Decades of supremacy began to show signs of decline in Pakistani hockey when the national team failed to advance beyond the round stage at the 1988 Cell Olympics, but Pakistan won a bronze medal at the 1992 Barcelona Olympics and in 1994 I saw it rising again.
Pakistani supremacy over hockey is understandable as it was promoted as a national sport. Pakistan Hockey was administratively very dynamic and due to good general conditions, Pakistan used to host important tournaments. Lahore hosted the March 1994 Champions Trophy where Pakistan won the trophy by defeating the German team on penalty strokes in the final after a thrilling contest.
But that was not the end. In December of that year, hockey fans saw another thrilling match when Pakistan defeated the Netherlands once again on penalty strokes to lift the 1994 Hockey World Trophy in Sydney. This was the national team’s fourth World Cup trophy. Mansoor Ahmed’s amazing goal-keeping, left-in Shahbaz Sr.’s lightning speed, Kamran Ashraf scoring goals by defending the defense players with his dribbling were among the features of the team which was led by ‘My Donna of Hockey (Shahbaz Sr.)’. used to.

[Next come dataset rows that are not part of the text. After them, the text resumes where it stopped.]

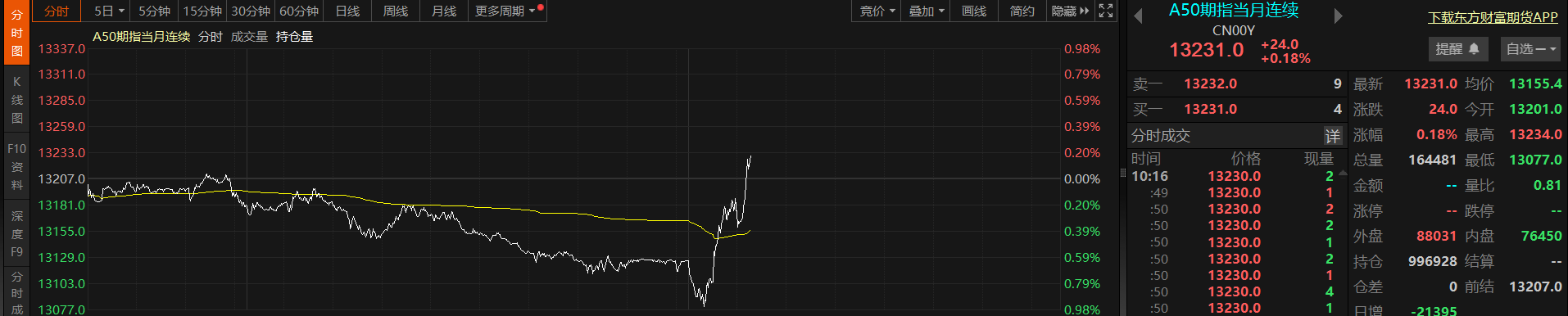 午后突发！A50，直线猛拉！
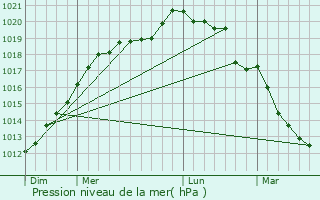 Graphe de la pression atmosphrique prvue pour Sainte-Croix-sur-Aizier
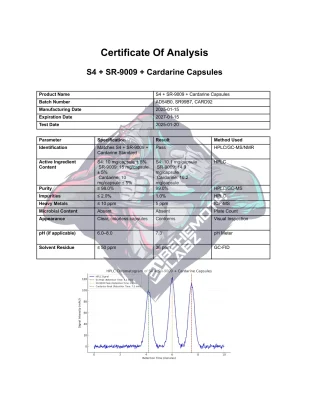 BHMTH S4 + SR-9009 + Cardarine Capsules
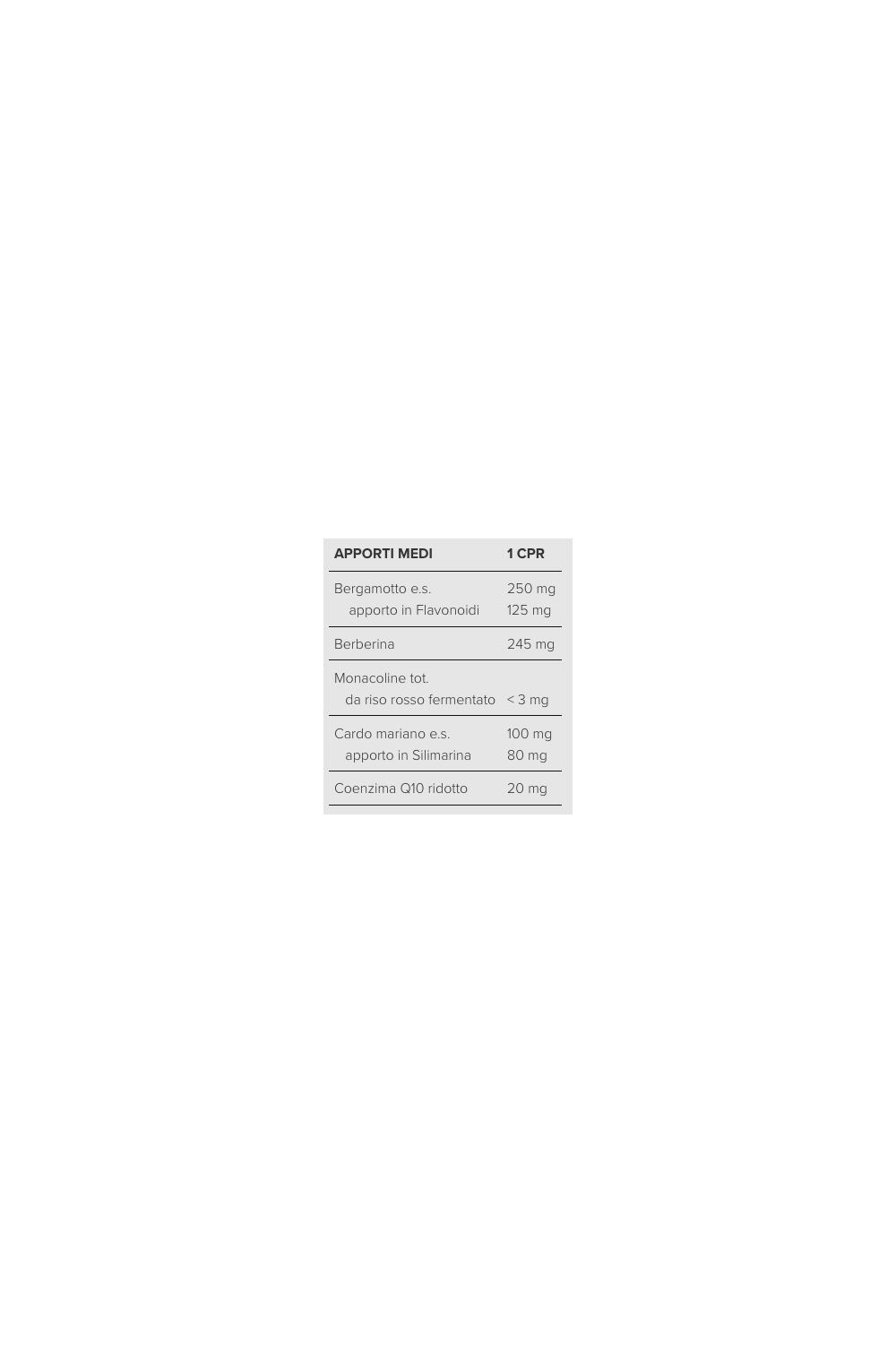 SYFORM Ipolipid 30 cpr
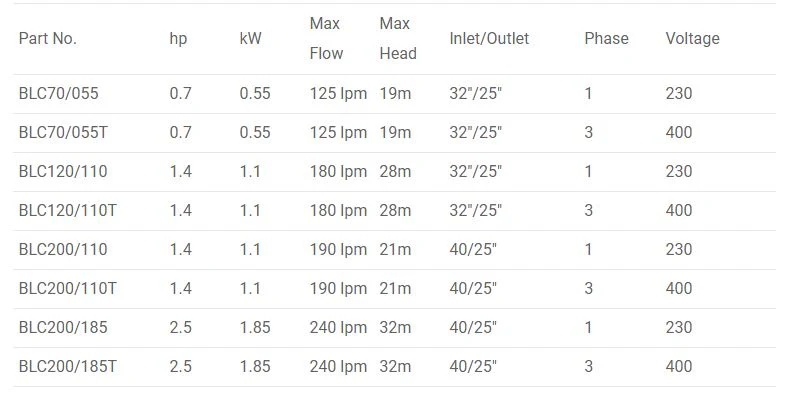 Trevoli BLC Series- Stainless Steel, Single Stage Centrifugal Pumps - Image 3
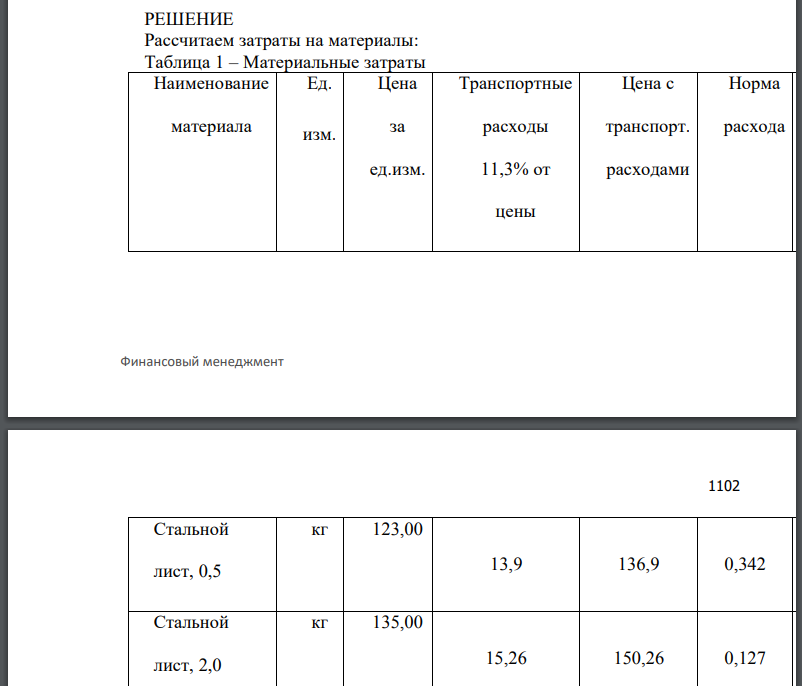 Рассчитать калькуляцию себестоимости и цены изделия А, используя данные, представленные ниже. При этом необходимо выполнить промежуточные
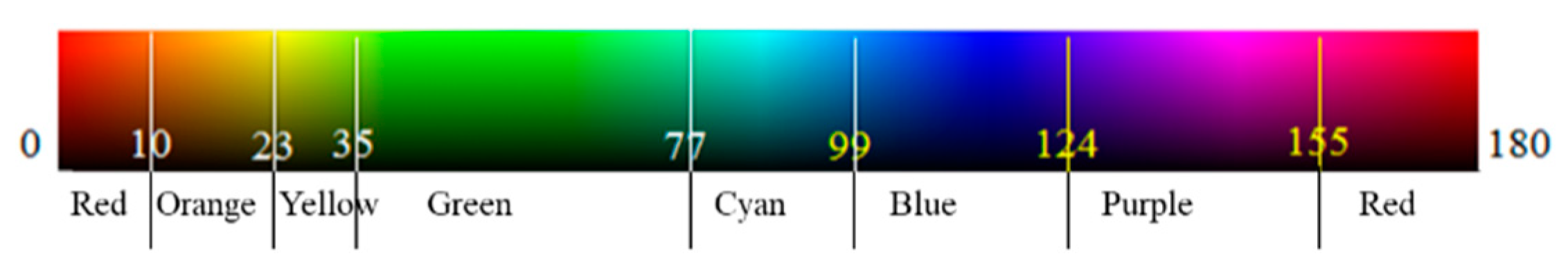 Applsci 12 00209 g002 550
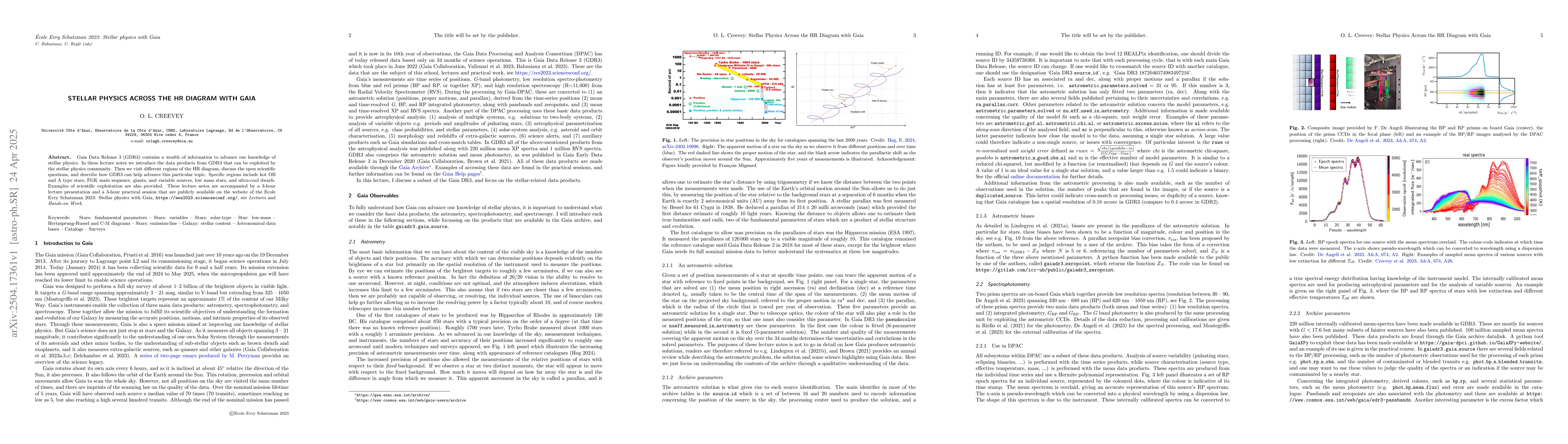 Thumbnail for Stellar Physics Across the HR Diagram with Gaia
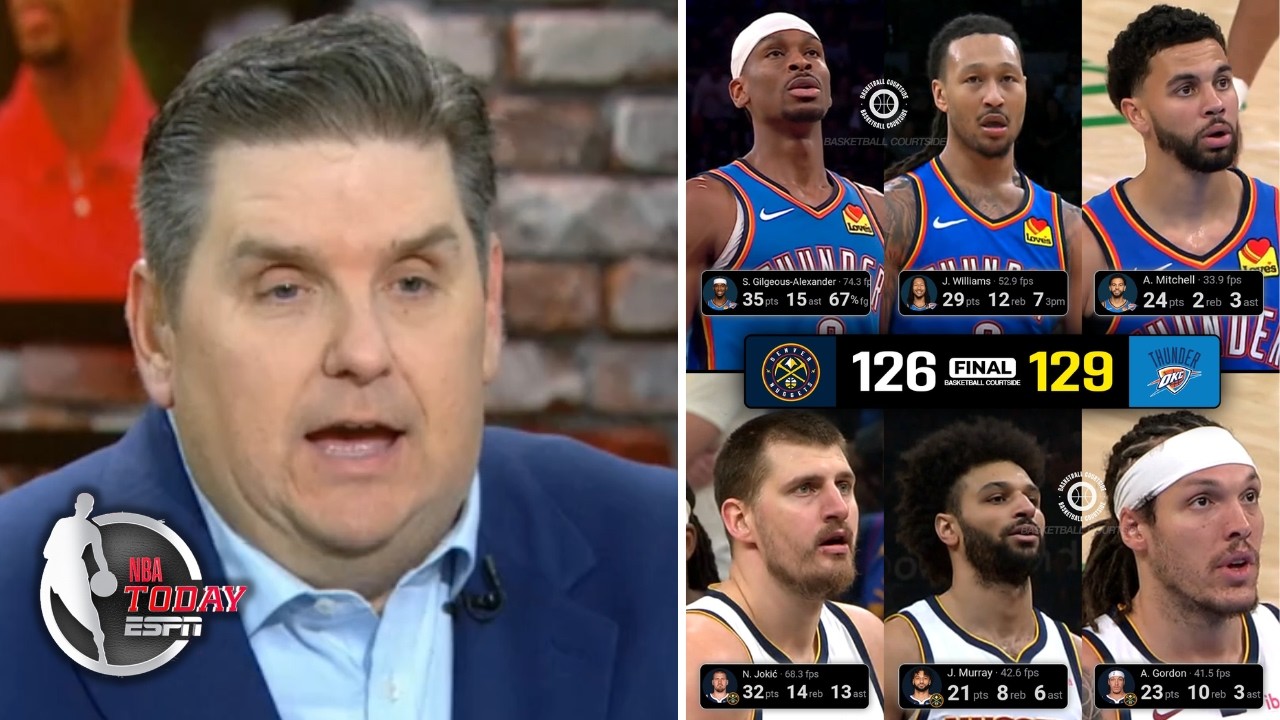 NBA TODAY | 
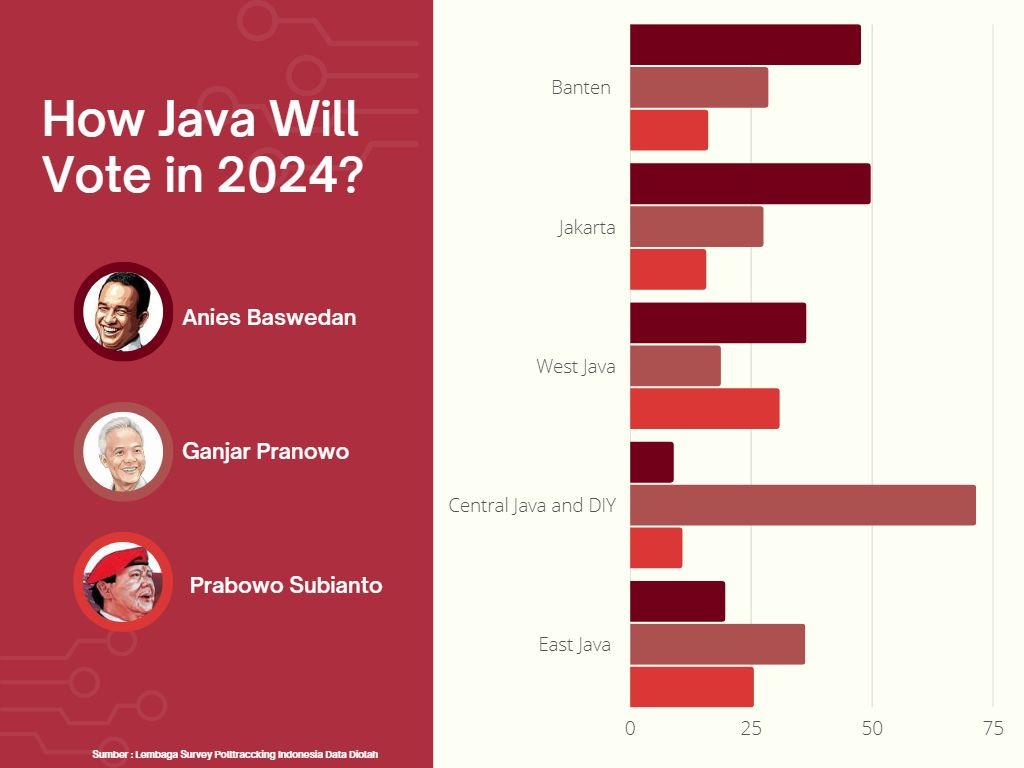 Menakar Peta Pilpres 2024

From childhood, we were fed up with the news that a Pakistani (first Jahangir Khan in the late eighties and then Jan Sher Khan in the nineties) had won the British Open, World Open, Hong Kong Open, and other squash tournaments. Has won. At that time, there were rumors circulating in the street coaches that a format was being introduced in squash to ensure that a non-Pakistani athlete would at least reach the final. It is not making a part because only Pakistani Khans will win it.
Usually, in the final, there would be a match between two Pakistani players and the matches would be the same to watch. Would have won
The year 1994 was no different, Jahangir Khan had retired from the world of squash and now the game was ruled only by Jan Sher Khan for the next several years, so this year also remained in the name of Jan Sher, here From 1992 to 1996, he won consecutive British Open and World Open events.
The most striking result came in snooker in 1994 when Muhammad Yousuf of Pakistan defeated Janson of Iceland by 11 frames to nine to win the IBSF World Snooker Championship in Johannesburg. Muhammad Yousuf’s talents as a player were lost in the dark for a long time due to the cricket frenzy, the ruling country in squash whose national sport is hockey.
Muhammad Yusuf, from an anonymous background, was a well-known figure in the snooker and billiards community, and his historic success made snooker popular with the local people and opened the way for sponsorship deals. Many young and emerging players started following in the footsteps of Muhammad Yousuf and so far many Pakistani players have established themselves internationally.
Sports are the hallmark of any healthy and conscious society. There are also countless games that are now almost extinct in Pakistan. Kids now like to play games on tabs and mobiles while most of the time is spent on the computer. From which the society is slowly melting like a termite. Promoting sports is essential for a healthy society.